Sir Donald Leslie Finnemore (13 June 1889 – 10 May 1974), was a British judge and Liberal Party politician. He was a committed Baptist and Teetotaller who was an active supporter of the Boys' Brigade.

==Background==
He was the son of William and Kate Finnemore. He was a grandson of John Skirrow Wright Liberal MP for Nottingham. He was educated at King Edward's School, Birmingham and Pembroke College, Oxford (Scholar). He was awarded a First Class in Jurisprudence and Proxime accessit for the Vinerian Law Scholarship at Oxford. He served in France as British Red Cross Officer from 1916 to 1919.

==Legal career==
He was called by Inner Temple (Prize for Constitutional Law and Legal History) in 1914 and worked on the Midland Circuit. In 1930, he was involved in the so-called Blazing Car murder case. as defending counsel for Alfred Rouse, who was convicted of the murder of an unknown man and hanged. The Crown was represented by his longtime friend and colleague Norman Birkett. He was Honorary Legal Adviser to the Midland Regional Commissioner for Civil Defence, 1940–45. He was Chairman of the Midland Conscientious Objectors Tribunal, 1940–47. The actor Paul Eddington in his memoir recounts his appearance before Finnemore, who accepted Eddington's application for conscientious objector status. He was a County Court Judge (North Staffs and Birmingham) 1940–44, (Wolverhampton, etc.) 1944–46 and (Birmingham) 1946–47. He was a Member of the Matrimonial (Trial in Provinces) Committee, 1942–43. He was Probate, Divorce, and Admiralty, 1947–48. He was Judge of the High Court (Queen's Bench Division), 1948–64, during which time he presided over the trial of the serial killer John Christie in 1953. He was Chairman Warwickshire Quarter Sessions, 1950–71. He was a Member, of the Criminal Law Revision Committee, from 1965. He served as a Justice of the Peace in Warwickshire.

==Political career==
He was Liberal candidate for the Sparkbrook Division of Birmingham at the 1923 General Election. The constituency was not a good prospect for the Liberal Party, and he came third. He did not contest the 1924 General election. He then was Liberal candidate for the Stourbridge Division of Worcestershire at the 1929 General Election. The Liberal Party had not won the seat since 1918 and at the previous contest, the 1927 Stourbridge by-election, the Liberal had finished third. He was able to increase the party vote share;

General Election, 30 May 1929: Stourbridge Electorate: 66,145
| Party |  | Candidate | Votes | % | ±% |
|---|---|---|---|---|---|
|  | Labour | Wilfred Wellock | 21,343 | 38.4 | −3.5 |
|  | Conservative | Sir Herbert Stanley Reed | 17,675 | 31.8 | −2.2 |
|  | Liberal | Donald Leslie Finnemore | 16,537 | 29.8 | +5.7 |
| Majority |  |  | 3,668 |  |  |
| Turnout |  |  |  |  |  |
|  | Labour hold |  | Swing |  |  |

He was again Liberal candidate for the Stourbridge Division of Worcestershire at the 1931 General Election.
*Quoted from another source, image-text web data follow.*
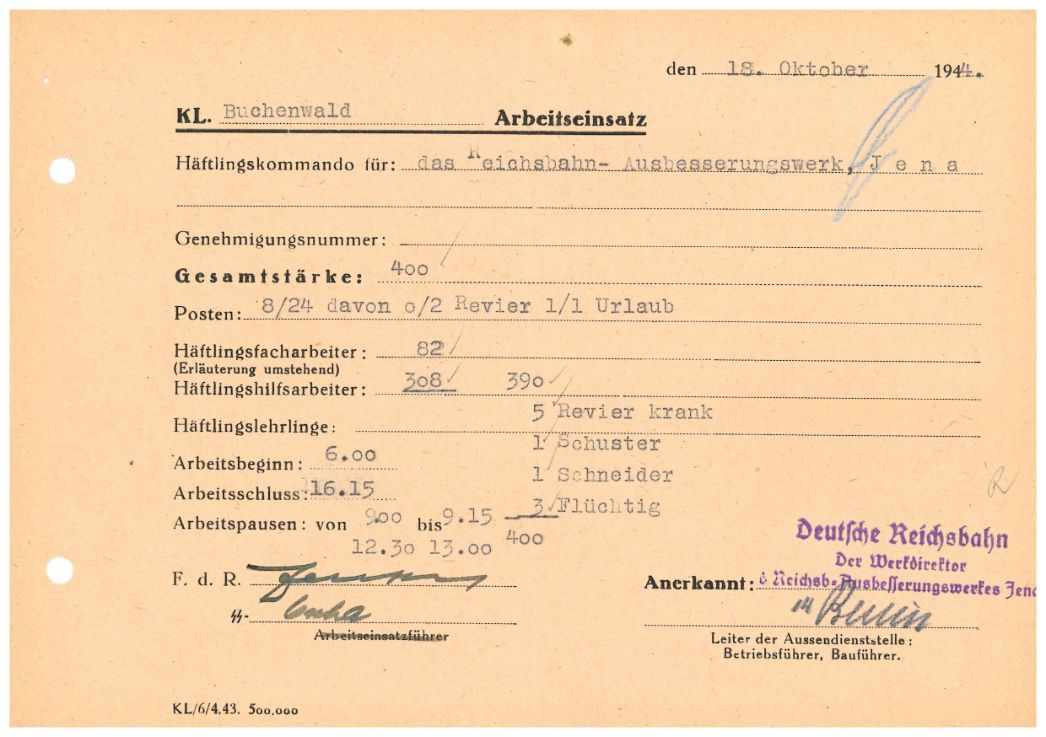 Arbeitseinsatzsatzmeldung des Außenlagers Jena, 18. Oktober 1944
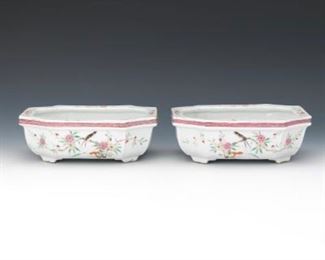 Pair of Famille Rose Planters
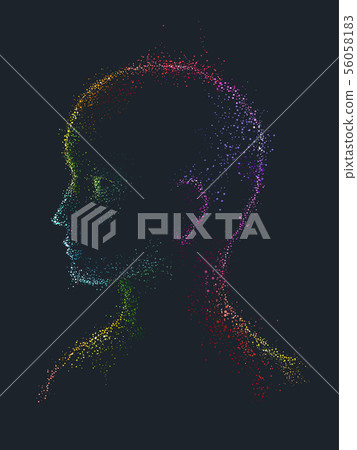 Pointillism Man Rainbow Side View Illustration Pointillism Man Rainbow Side View Illustration 56058183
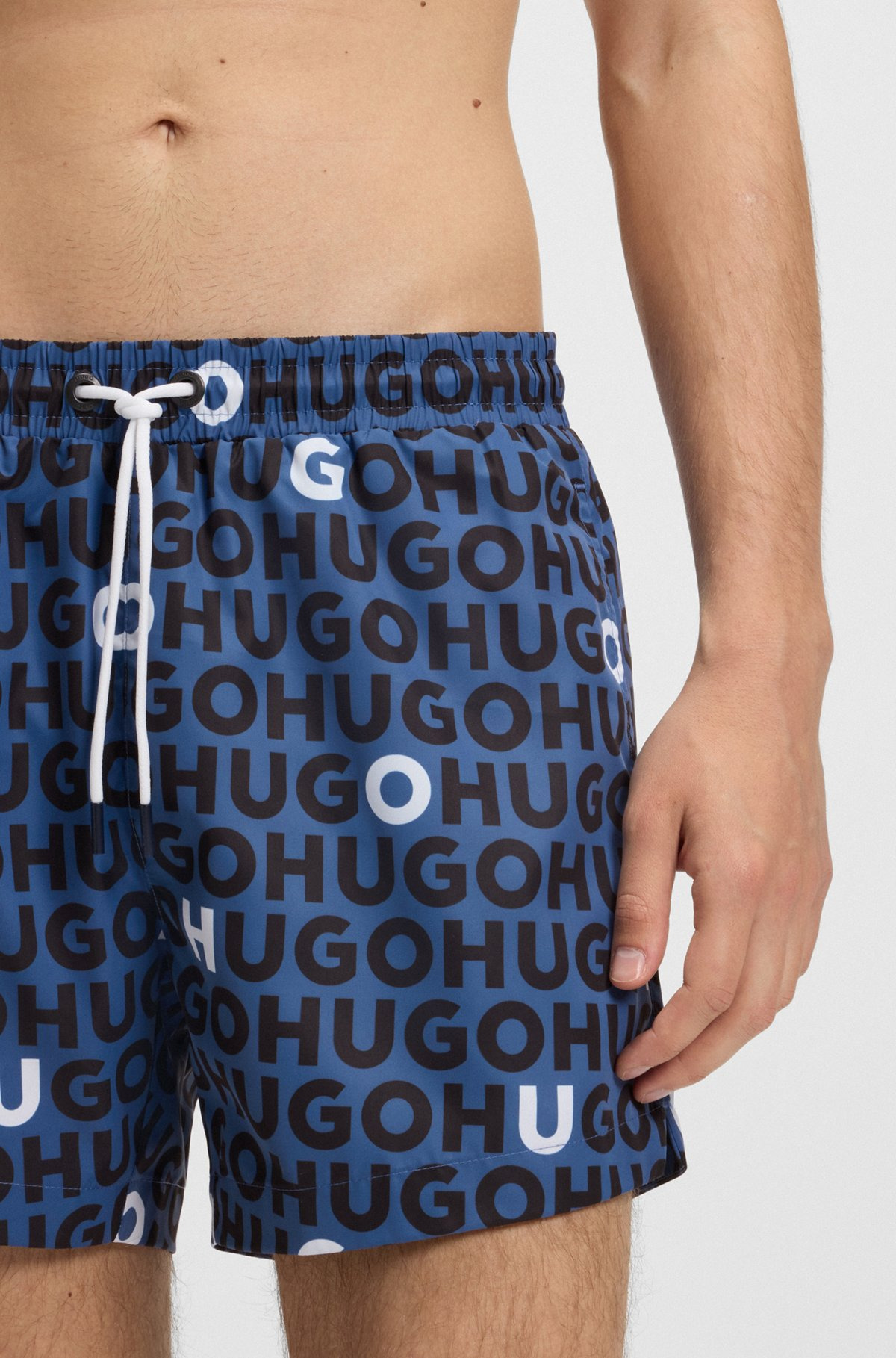 LOGO-PRINT SWIM SHORTS WITH DRAWCORD - 3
The election followed the formation of the National Government and there was a national swing to the Conservatives that was reflected in Stourbridge, where Labour lost the seat. However, Finnemore had managed to retain much of the vote he won in 1929, though he still finished third. He was Liberal candidate for the third time at the Stourbridge Division of Worcestershire at the 1935 General Election. He again finished third and this time saw his vote squeezed a bit by the other two parties. This was his final attempt to enter parliament.

He became a Life Governor of Birmingham University in 1945 (Hon. LLD 1966), a Governor of King Edward's School in 1946 and an Honorary Fellow of Pembroke College in 1948. In 1947 he was knighted. He was President of the Baptist Union of Great Britain, 1966–67.